Our primary focus is the late-stage clinical development of ataluren in nmDMD and CF. Additionally we are investing in targeted pre-commercial market development activity for ataluren. We also have a significant focus in our R&D effort. These are based on exploring the potential for ataluren in additional indications as well as other exciting pre-clinical programs.
Let’s start with ataluren, which we developed internally. It’s an orally administered compound for the treatments of patients with genetic disorders due to nonsense mutations. We estimate that on average 11% of patients with any monogenetic disorders have a nonsense mutation as the cause of the disease. Nonsense mutations results in premature stop signal in the translation of messenger RNA which prevents the production of full length functional proteins.
We believe that ataluren binds to the machinery within the cell that produces the proteins which is called the ribosome and enables the cell to produce full length functional protein by reading through the premature stop signal.
Some of you may have seen the recent publication questioning ataluren’s mechanism of action. I thought it would be good for me to comment on this.
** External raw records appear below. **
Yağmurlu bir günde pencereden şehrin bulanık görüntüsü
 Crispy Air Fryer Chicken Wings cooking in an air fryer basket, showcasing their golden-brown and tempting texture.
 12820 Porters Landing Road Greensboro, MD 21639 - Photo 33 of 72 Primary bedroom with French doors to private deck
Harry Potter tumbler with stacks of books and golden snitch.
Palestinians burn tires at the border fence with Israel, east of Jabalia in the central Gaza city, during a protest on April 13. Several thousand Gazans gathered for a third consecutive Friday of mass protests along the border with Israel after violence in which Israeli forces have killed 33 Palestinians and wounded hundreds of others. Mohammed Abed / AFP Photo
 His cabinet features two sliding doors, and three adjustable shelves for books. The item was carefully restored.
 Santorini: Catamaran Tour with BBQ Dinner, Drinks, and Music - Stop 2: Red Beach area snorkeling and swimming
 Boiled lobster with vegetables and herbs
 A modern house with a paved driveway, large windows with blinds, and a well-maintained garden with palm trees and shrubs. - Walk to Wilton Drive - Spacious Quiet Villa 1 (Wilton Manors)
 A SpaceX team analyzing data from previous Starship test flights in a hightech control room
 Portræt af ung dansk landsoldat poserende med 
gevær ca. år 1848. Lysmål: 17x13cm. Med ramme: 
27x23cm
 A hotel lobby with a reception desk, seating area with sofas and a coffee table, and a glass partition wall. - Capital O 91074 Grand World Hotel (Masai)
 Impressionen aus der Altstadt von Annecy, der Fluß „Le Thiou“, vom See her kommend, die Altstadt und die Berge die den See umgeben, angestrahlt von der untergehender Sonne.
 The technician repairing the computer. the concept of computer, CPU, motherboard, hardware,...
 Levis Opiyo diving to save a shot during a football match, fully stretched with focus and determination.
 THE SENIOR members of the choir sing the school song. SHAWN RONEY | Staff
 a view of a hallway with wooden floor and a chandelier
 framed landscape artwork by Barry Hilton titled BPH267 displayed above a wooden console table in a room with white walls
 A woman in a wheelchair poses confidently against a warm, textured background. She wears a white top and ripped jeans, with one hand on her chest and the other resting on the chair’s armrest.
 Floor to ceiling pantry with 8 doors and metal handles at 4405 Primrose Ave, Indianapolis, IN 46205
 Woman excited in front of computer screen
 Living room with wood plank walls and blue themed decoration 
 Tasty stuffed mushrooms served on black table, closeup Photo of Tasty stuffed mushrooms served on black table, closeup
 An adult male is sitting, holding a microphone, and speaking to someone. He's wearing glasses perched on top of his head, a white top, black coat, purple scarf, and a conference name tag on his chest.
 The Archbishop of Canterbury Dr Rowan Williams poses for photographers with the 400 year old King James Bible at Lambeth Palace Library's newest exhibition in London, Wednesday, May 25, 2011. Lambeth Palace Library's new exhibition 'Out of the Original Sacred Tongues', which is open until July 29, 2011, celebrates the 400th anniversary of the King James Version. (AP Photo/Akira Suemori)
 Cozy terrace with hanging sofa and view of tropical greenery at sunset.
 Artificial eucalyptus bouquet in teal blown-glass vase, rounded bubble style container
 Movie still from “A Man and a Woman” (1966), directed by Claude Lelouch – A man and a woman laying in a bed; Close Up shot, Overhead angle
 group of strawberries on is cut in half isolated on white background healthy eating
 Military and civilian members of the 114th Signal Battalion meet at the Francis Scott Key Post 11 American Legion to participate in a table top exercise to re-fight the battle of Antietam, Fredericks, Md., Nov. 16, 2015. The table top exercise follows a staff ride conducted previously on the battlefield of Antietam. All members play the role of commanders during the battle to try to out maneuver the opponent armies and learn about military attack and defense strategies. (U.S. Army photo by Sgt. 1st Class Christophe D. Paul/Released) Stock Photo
Our experience during the decade long study of the effective nonsense mutation led to methodological design of a high throughput screen to identify compounds that promote nonsense [reaction]. Our understanding of the complex post-transcriptional control processes informed our design and production of reported genes that accurately reflect the events occurring in the natural messenger RNA.
Compounds that demonstrated [leisure] (ph) activity in the reported assay then went through a rigorous screening tier that included a number of cell and animal nonsense mutation based disease model. Compounds that passed these screens were then also tested in human myotube to ensure compounds effective in animals also had activity in humans. Over 3,500 compounds were synthesized and evaluated using the screening tier and ataluren was ultimately screened and was chosen for development.